Question

How to determine gap length of aligned segments for a given read?

2

Entering edit mode

6.8 years ago

cnvspam ▴ 80

Say I have a read with two supplementary alignments. How do I infer the gap length of the two aligned segments relative to the read?

Here is an example of gap lengths

In the example above, the gap length is the size of the insertion (orange thin line). I'm confused as heck as how to calculate the gap length from reads in a BAM file.

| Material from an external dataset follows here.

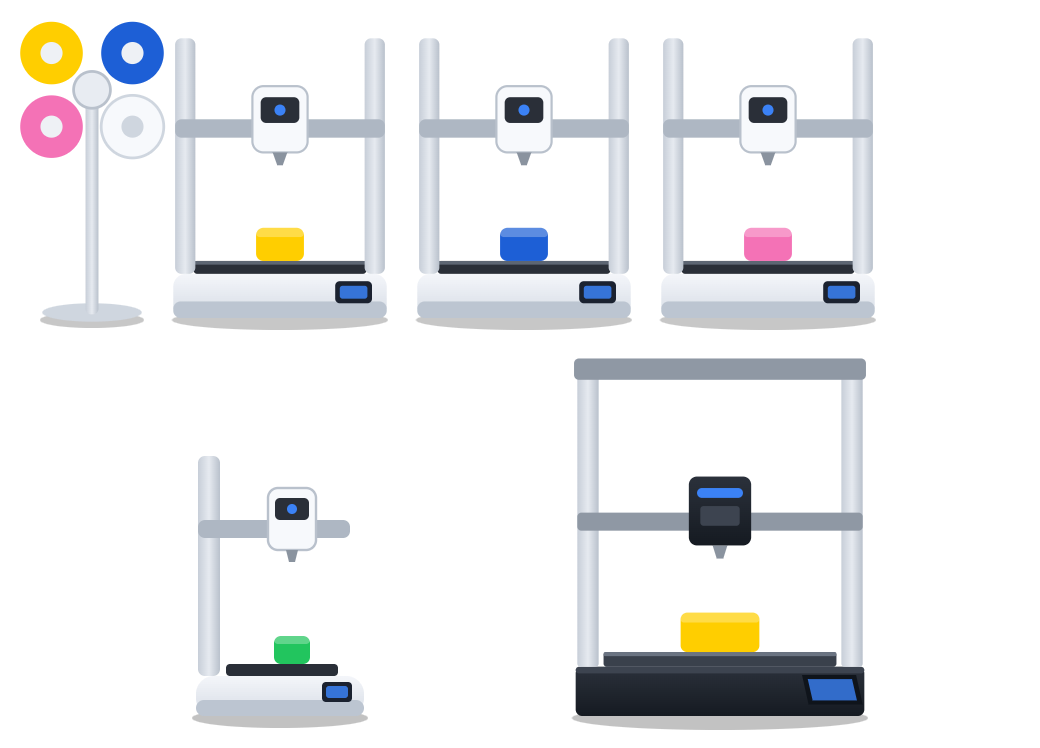 Taller de ThreePrinty: tres Bambu Lab A1, una A1 mini y una Creality Ender-3 V3 Plus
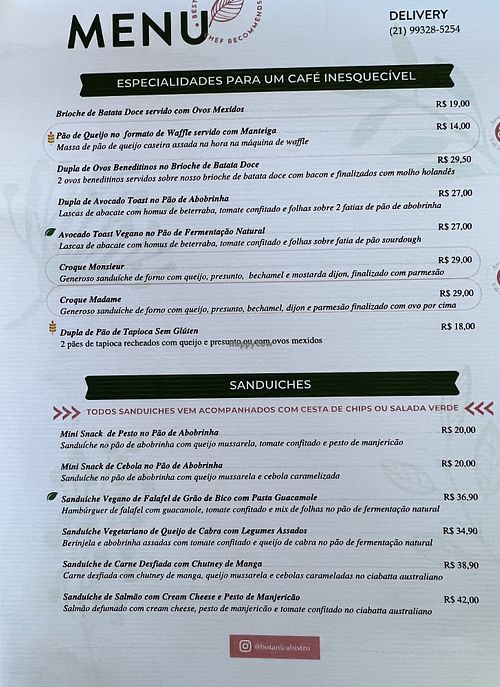 Leaves mark vegan options  at Botanica Bistrô in Rio De Janeiro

Would the CIGAR string be informative, or do I have to go back to the original FASTQ?

sequencing alignment split • 3.0k views

ADD COMMENT • link updated 6.8 years ago by Istvan Albert 100k • written 6.8 years ago by cnvspam ▴ 80

0

Entering edit mode

In this kind of situation, I think unsplit alignments are easier to use, since that information is captured in the cigar string. BBMap will produce unsplit alignments supporting long deletions and medium-length insertions (you can never capture a long insertion in a short read, using split or unsplit alignments).

ADD REPLY • link 6.8 years ago by Brian Bushnell 20k

score 1 · Answer 1 · 2017-07-18

First, make sure the get the terminology right. Distances between supplementary alignments are not usually called gaps.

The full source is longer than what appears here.